I hit on a problem in linux-fslc 4.1.38, available at GitHub - Freescale/linux-fslc: Linux kernel source tree . It is related to the sema4 mutex locking mechanism (drivers/char/imx_amp/imx_sema4.c). The problem only arises when the M4 core is running and its RDC domain is set. I'm running a trivial FreeRTOS program based on the hello_world demo from the NXP's official distribution (https://www.nxp.com/webapp/Download?colCode=FreeRTOS_MX6SX_1.0.1_WIN&appType=license&Parent_nodeId=1... ). The program simply sets the RDC domain and loops forever:
RDC_SetDomainID(RDC, rdcMdaM4, BOARD_DOMAIN_ID, false);
while (1) ;
With Yocto (Morty), I built the qt4e-demo-image (fslc-framebuffer distro). When I boot the image, qtdemoE demo starts. The problem can be reproduced with an intensive I2C communication. In my case, I touch on the screen wildly, generating the touch events.

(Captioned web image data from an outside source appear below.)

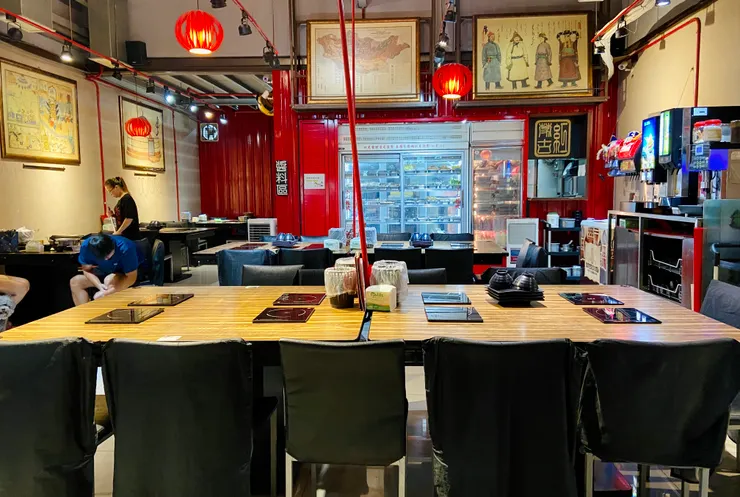 ▲ 椅背上都備有衣套,防止衣服外套吸味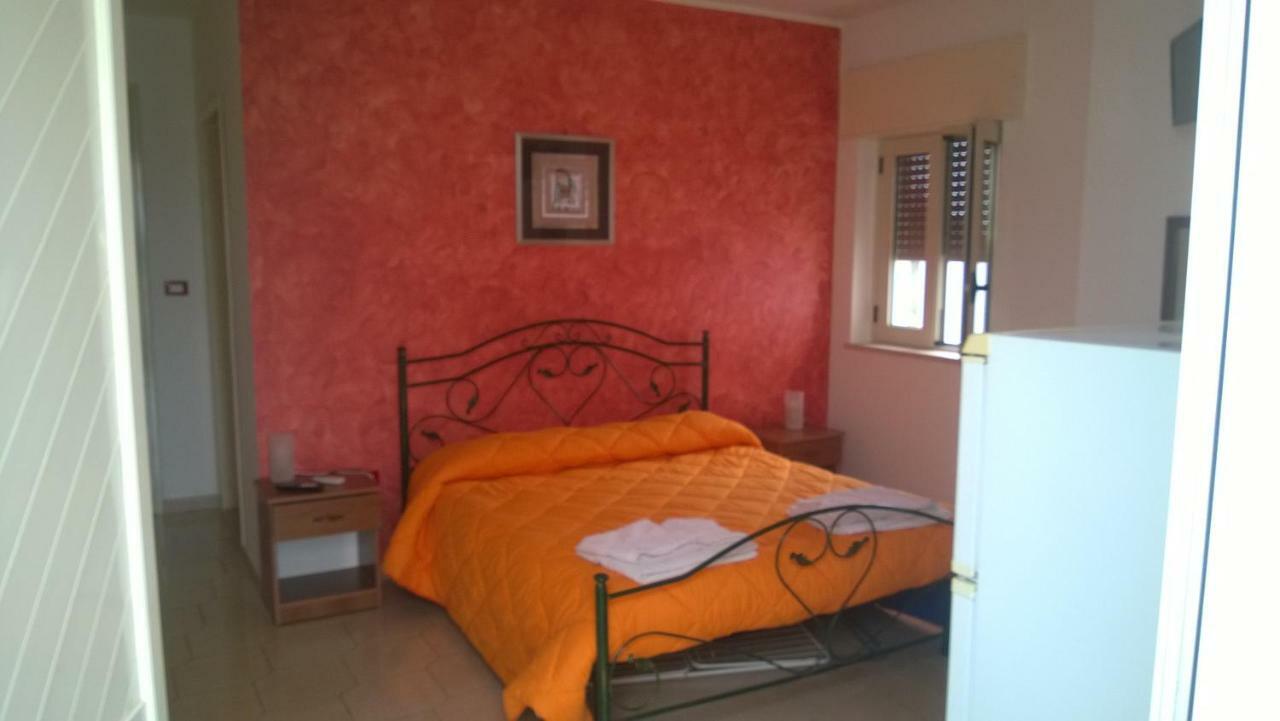 B&B La Seta Rossa กาลาโตเน ภายนอก รูปภาพ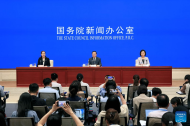China's GDP expands 4.7 pct in H1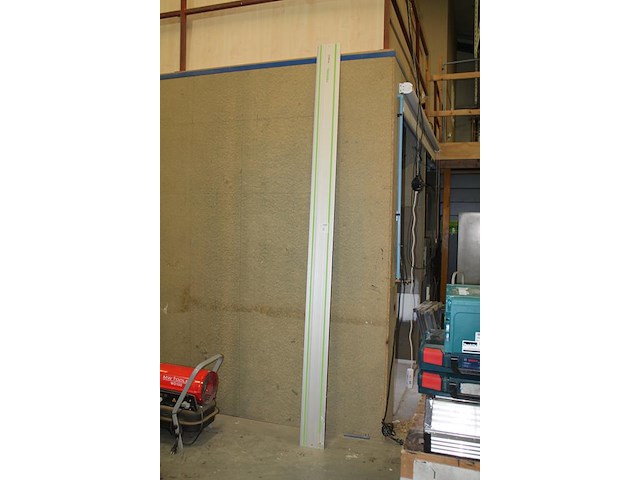 Zaaggeleider festool fs 3000/2. let op! enkele beschadigingen. - afbeelding 2 van  3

My interrupt-driven touchscreen driver calls i2c_smbus_read_byte_data() to read the data.
After a while, the following message starts printing in the terminal infinitely:
drivers/char/imx_amp/imx_sema4.c -> _imx_sema4_mutex_lock 137 already locked, wait! num 6 val 1
The FreeRTOS on the M4 core continues without problem. If I stop the debugger and check the SEMA4_Gate06 register, its value is set to 1, indicating it is locked by the A9 core.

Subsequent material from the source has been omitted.